Do wtorku zainteresowane firmy miały czas na składanie wniosków o dopuszczenie do udziału w postępowaniu, które ma się zakończyć wyborem projektanta. Na tym etapie Ratusz nie zdradza nazw firm zainteresowanych kontraktem.
– Mogą być one udostępnione dopiero w momencie, gdy ocena wniosków zostanie zakończona, a wszyscy zainteresowani opracowaniem dokumentacji projektowej zostaną powiadomieni o wynikach oceny – przekazuje nam Joanna Stryczewska z lubelskiego Ratusza.

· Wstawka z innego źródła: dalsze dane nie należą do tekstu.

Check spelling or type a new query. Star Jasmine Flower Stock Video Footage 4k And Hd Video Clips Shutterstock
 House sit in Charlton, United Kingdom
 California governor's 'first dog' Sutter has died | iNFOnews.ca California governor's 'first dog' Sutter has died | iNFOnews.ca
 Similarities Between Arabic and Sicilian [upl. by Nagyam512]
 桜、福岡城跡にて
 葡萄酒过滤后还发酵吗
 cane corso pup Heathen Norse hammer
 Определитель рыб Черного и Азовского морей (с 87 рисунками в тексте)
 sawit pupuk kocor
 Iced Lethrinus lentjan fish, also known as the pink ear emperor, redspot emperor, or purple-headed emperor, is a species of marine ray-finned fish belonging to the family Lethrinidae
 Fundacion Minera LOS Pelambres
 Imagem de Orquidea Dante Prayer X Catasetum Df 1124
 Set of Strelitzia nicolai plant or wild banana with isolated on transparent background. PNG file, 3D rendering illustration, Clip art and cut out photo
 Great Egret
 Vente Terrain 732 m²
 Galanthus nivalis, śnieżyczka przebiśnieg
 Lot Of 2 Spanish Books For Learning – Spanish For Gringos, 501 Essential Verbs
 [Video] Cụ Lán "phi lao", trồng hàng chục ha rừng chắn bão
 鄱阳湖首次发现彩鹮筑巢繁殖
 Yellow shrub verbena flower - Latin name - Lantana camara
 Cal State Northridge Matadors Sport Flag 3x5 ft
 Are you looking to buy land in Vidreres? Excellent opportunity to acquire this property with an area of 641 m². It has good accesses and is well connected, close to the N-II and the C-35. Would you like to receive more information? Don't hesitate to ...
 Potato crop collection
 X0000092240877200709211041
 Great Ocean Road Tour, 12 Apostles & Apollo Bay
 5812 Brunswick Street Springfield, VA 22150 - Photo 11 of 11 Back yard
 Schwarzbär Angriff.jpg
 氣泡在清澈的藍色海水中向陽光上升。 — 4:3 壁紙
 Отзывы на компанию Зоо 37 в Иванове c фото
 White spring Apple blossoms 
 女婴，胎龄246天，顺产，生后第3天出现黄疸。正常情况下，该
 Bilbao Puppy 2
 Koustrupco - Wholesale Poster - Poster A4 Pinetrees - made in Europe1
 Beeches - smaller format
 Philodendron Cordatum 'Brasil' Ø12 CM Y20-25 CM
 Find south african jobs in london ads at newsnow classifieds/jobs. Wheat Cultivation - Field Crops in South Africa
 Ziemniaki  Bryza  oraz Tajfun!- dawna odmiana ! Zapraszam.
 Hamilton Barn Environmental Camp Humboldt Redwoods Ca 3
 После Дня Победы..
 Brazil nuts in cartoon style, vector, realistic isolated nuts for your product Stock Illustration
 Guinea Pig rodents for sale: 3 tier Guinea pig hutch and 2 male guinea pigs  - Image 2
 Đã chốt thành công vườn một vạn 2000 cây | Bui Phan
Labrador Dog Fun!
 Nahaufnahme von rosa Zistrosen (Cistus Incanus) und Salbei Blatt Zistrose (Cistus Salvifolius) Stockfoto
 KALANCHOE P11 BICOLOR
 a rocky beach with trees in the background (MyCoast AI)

Ile pieniędzy chcą projektanci? Tego też nie wiadomo. – Aktualnie otrzymaliśmy tylko wnioski od firm zainteresowanych opracowaniem dokumentacji, zaproponowane ceny poznamy później, na etapie składania ofert – stwierdza Stryczewska. Do składania wstępnych ofert zaproszone mają być firmy, których wnioski spełnią wymogi. – Dalsza procedura będzie zależała od jakości przedstawionych ofert. Gdy zajdzie potrzeba ulepszenia ich treści, zamawiający może zdecydować o zaproszeniu do negocjacji.
Kolejnym etapem ma być opracowanie specyfikacji nowego obiektu sportowego. Dopiero na jej podstawie chętne firmy mają opracować ostateczne oferty. Po ich ocenie miasto ma wybrać zwycięzcę przetargu lub unieważnić całe zamówienie.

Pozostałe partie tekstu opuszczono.